Is climate change "material"? OSC calls on public companies to quantify their environmental risks

Posted by Andrew Lord

Reporting issuers must improve their disclosure of known and contingent environmental liabilities in continuous disclosure documents. That is the message of the Ontario Securities Commission’s Staff Notice 51-716 on Environmental Reporting (the “Staff Notice”), released February 27, 2008. It is a message that could become relevant not just to companies operating in environmentally sensitive areas, but to any company that faces risk from climate change.

The Staff Notice is discussed in detail in our Davis LLP online bulletin. Most generally, it calls on reporting issuers to provide more detailed discussion and quantitative analysis of their known and contingent environmental liabilities. Improved disclosure of material environmental liabilities must be made in annual financial statements, management discussion and analysis (MD&A), and annual information forms (AIF), as applicable.
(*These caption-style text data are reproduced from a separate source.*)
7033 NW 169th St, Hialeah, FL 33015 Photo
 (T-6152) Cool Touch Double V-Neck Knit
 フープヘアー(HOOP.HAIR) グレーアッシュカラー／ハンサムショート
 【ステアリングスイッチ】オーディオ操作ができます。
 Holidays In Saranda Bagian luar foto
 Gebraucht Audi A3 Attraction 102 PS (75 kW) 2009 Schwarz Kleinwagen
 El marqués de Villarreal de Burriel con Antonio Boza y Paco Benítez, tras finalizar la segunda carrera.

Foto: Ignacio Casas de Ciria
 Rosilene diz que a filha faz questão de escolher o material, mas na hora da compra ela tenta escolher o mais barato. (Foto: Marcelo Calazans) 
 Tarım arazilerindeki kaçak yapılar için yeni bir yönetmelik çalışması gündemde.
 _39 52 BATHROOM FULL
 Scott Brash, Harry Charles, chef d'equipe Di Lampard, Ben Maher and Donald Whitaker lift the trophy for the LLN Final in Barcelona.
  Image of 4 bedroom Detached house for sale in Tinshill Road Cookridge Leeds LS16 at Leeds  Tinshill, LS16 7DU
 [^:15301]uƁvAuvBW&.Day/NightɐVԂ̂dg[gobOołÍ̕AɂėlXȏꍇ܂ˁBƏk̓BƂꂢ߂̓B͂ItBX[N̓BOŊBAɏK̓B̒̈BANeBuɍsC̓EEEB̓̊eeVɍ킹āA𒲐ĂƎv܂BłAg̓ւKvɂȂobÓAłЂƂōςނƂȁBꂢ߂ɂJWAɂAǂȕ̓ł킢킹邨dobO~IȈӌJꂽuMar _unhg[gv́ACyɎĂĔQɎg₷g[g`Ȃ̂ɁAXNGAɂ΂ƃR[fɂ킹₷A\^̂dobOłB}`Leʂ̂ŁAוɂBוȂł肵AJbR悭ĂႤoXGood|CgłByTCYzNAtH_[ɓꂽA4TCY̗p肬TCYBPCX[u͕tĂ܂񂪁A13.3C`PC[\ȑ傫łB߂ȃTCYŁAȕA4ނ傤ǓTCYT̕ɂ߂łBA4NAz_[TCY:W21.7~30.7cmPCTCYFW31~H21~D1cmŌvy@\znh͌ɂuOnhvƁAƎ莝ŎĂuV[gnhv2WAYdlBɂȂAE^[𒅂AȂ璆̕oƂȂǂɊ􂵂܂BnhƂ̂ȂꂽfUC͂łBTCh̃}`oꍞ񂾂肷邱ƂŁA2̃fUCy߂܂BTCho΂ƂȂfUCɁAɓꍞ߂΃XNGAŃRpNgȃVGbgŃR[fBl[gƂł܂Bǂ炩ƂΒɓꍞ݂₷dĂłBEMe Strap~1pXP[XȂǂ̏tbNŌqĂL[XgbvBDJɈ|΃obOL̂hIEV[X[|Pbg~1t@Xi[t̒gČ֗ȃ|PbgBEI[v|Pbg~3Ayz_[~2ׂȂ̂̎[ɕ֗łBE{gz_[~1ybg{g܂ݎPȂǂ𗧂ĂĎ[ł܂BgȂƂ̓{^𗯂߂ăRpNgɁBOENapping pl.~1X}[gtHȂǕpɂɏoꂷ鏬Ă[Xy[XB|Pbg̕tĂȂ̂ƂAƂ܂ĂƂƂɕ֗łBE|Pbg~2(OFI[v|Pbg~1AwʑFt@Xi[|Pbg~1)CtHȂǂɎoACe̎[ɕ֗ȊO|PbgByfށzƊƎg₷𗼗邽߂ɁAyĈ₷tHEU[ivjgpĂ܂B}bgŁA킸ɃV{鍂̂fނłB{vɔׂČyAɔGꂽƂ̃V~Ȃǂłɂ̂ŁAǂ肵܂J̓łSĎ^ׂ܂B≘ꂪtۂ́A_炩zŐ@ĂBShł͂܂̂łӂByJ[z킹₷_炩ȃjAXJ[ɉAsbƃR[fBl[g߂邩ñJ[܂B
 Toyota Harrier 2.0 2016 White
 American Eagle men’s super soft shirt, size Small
The call for improved environmental disclosure has obvious implications for companies with direct involvement in environmentally sensitive industries. However, the Staff Notice is broad enough that any company whose business may be materially affected by climate change, or climate change legislation, may also be required to improve its disclosure. The Staff Notice specifically comments that companies must address material environmental risks generally. Climate change is an environmental risk that can materially affect the performance of a wide variety of industries. It can do so by, for example, altering the production and use of resources that depend on the weather (e.g., grain farming and skiing), leading consumers to choose different types of products (e.g., T-shirts instead of parkas), and creating new markets (e.g., voluntary carbon offsets). The Staff Notice also notes that companies must identify and discuss the financial and operational impact of environmental laws. As discussed elsewhere in this blog, laws designed to mitigate the effects of climate change are evolving rapidly. The imposition of carbon taxes and the implementation of mandatory cap-and-trade greenhouse gas trading systems are legislative changes that could have a profoundly material impact on the financial performance of companies. Both the risks of climate change and the effect of relevant laws may have to be addressed to meet the requirements described in the Staff Notice.

The challenge for reporting issuers is that many of the relevant environmental liabilities, including those posed by climate change, are contingent. Even though the financial impact of such risks may be difficult to predict, the Staff Notice sets a clear expectation that reporting issuers will apply business judgment to quantitative information that is reasonably available to provide detailed discussions and quantified estimates of these risks.